THE DATA >>

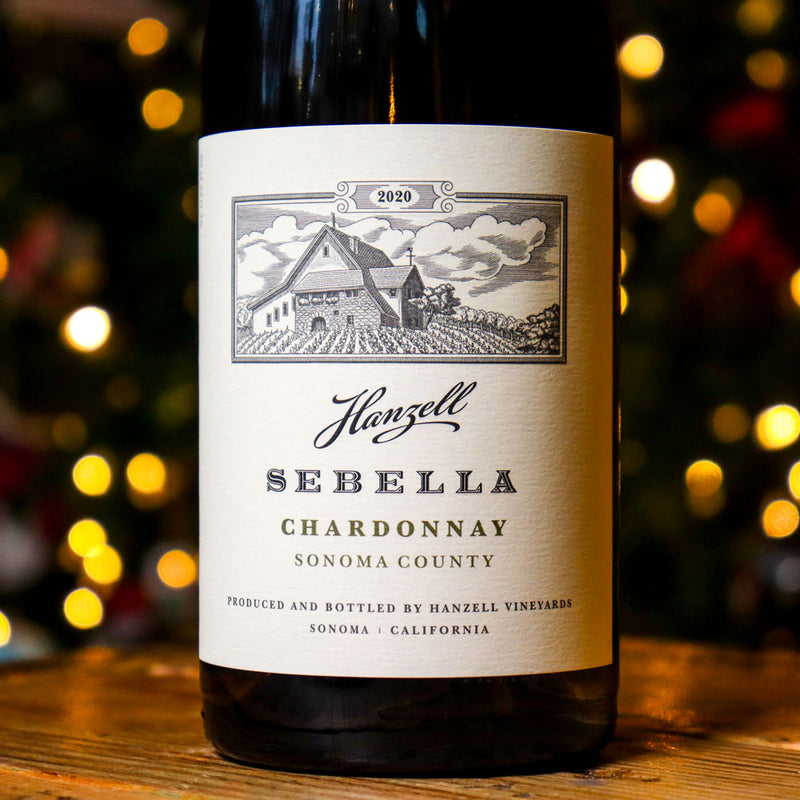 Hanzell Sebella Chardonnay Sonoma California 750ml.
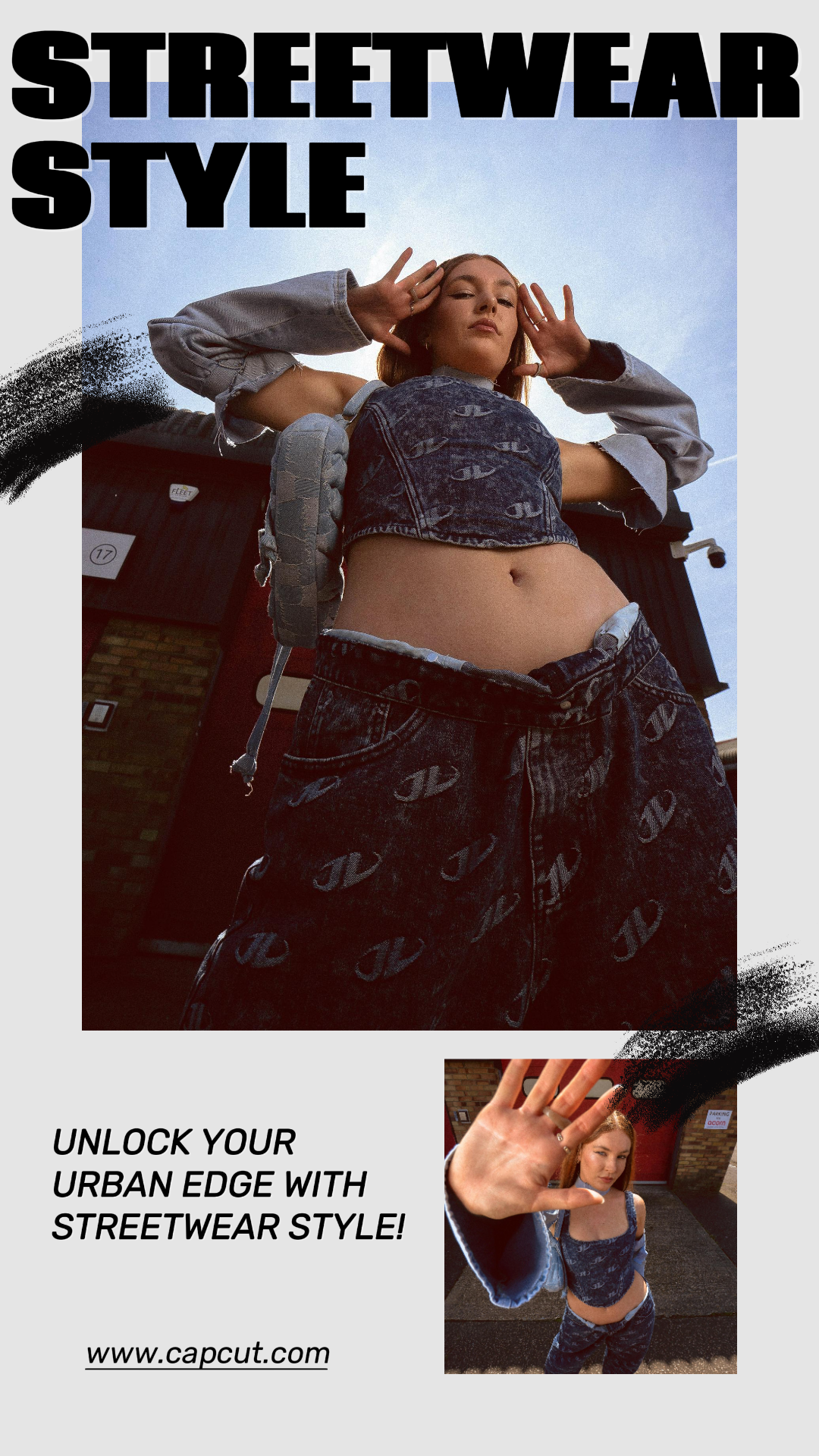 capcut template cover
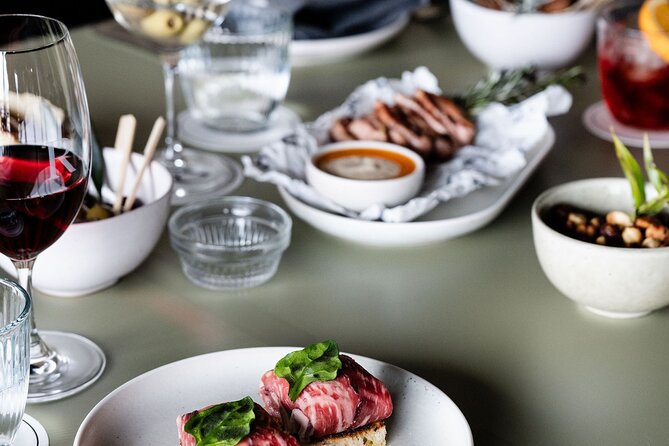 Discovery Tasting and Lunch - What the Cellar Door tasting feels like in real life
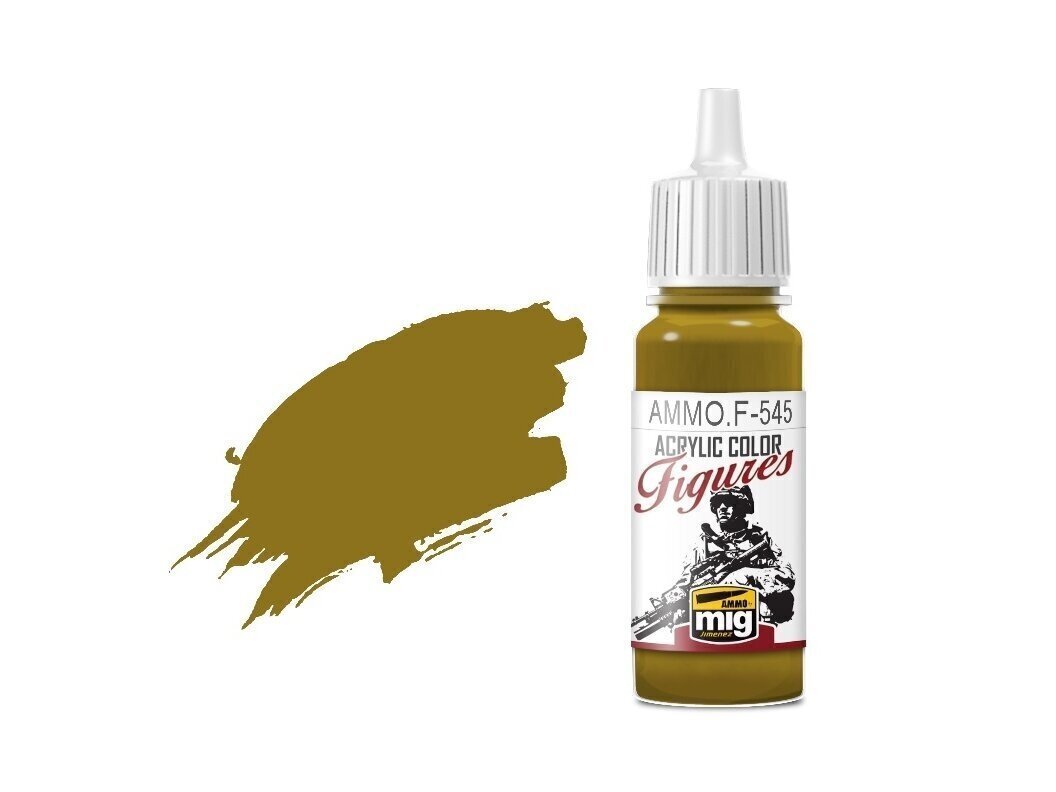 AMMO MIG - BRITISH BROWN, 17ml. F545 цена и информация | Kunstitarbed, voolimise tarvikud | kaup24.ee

YOUR OBJECTIVE >> A word-for-word reprint of the listing above is needed, minus the pictures.

ANSWER TO THE PROBLEM >>
 Hanzell Sebella Chardonnay Sonoma California 750ml.
 capcut template cover
 Discovery Tasting and Lunch - What the Cellar Door tasting feels like in real life
 AMMO MIG - BRITISH BROWN, 17ml. F545 цена и информация | Kunstitarbed, voolimise tarvikud | kaup24.ee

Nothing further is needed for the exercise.